Tag: PID adoption

  • ORCID Database: Inside the Public Data File

    The ORCID database’s annual public data file is a bulk, machine-readable snapshot of every public record in the ORCID registry, released once a year under a CC0 public-domain dedication. It is not the same thing as ORCID’s live summary statistics page — the data file is a static, downloadable dataset built for large-scale analysis of PID adoption, while the statistics page is a running counter of registrations. Together they answer different questions for anyone studying how persistent identifiers are being taken up across research.

    ORCID (Open Researcher and Contributor ID) is a non-profit registry that issues a free, unique 16-character identifier so that individual researchers and contributors can be distinguished from others with similar or identical names. The ORCID database that underpins this registry is what the annual public data file exports in bulk form — and that export is the subject of this analysis.

    What is the ORCID public data file?

    The ORCID public data file is a full export of every field that ORCID record-holders have marked as publicly visible, packaged as a single downloadable dataset rather than served record-by-record through the API. ORCID has released one of these files annually since 2013, hosting each release on the Figshare repository with a persistent DOI so that the exact version used in a study can always be cited.

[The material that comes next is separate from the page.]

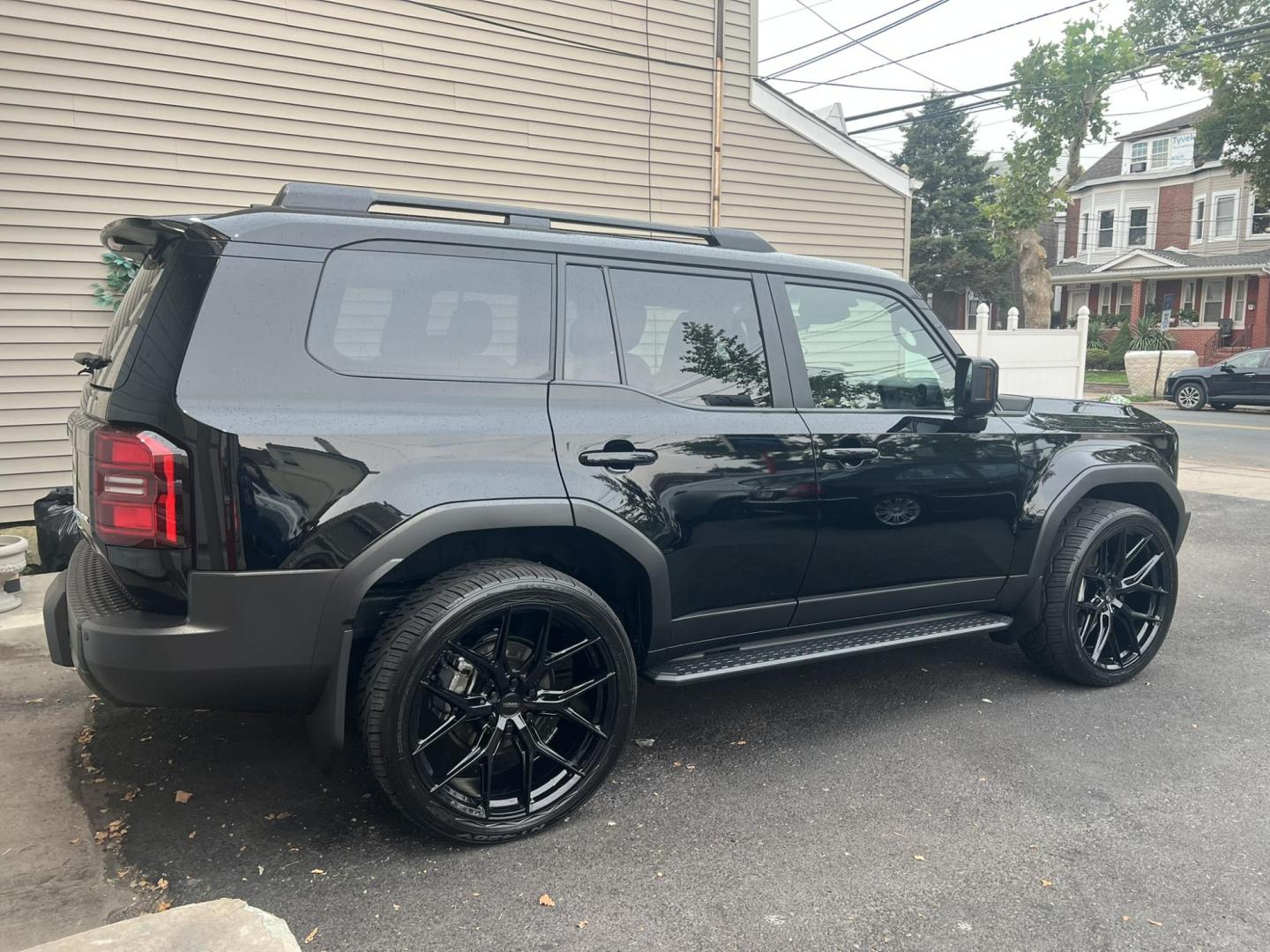 2024 BLACK /Black Leather Toyota Land Cruiser Base (JTEABFAJ7RK) with an 2.4L L4 DOHC 16V PLUG-IN HYBRID engine, 8A transmission, located at 1018 Brunswick Ave, Trenton, NJ, 08638, (609) 989-0900, 40.240086, -74.748085 - Wow! Wow! Wow! Here is a super rare Black Beauty w custom 24" Vossen Wheels to complete a Great Look and Stance for this Landcruiser!! An absolute one of a kind in every way! Please call Anthony to set up an appt. to see and drive this Stunning Toyota. 609-273-5100 - Photo#7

    Access requires no ORCID membership and no API credentials. Anyone — a bibliometrician, a funder’s policy team, a university library, or an independent developer — can download the file directly. This “no gatekeeping” design is deliberate: ORCID’s registry exists to resolve author-name ambiguity across the whole scholarly ecosystem, and the organisation has treated bulk openness of public data as part of that public-interest mandate since the file’s first release.

    What does the annual dataset actually contain?

    Since the 2018 release, the public data file has been split into two components rather than one monolithic archive. This structural change reflects the growing size and complexity of individual records as ORCID’s activity metadata schema expanded.

    • Summaries file: one compact record per ORCID iD, covering biography, employment, education and other profile-level fields.
    • Activity files: separate, more granular files carrying the full public detail of works, funding, peer review and other activities linked to each iD.

    Both components are distributed as XML, the format ORCID’s underlying registry schema is built on; community-maintained conversion tools exist for teams that prefer JSON for downstream processing. Because works metadata in the schema can also carry contributor-role tags, the dataset increasingly includes role-level authorship detail as well as bare authorship claims — useful for anyone tracking how granular contribution reporting is spreading, distinct from simple co-authorship lists.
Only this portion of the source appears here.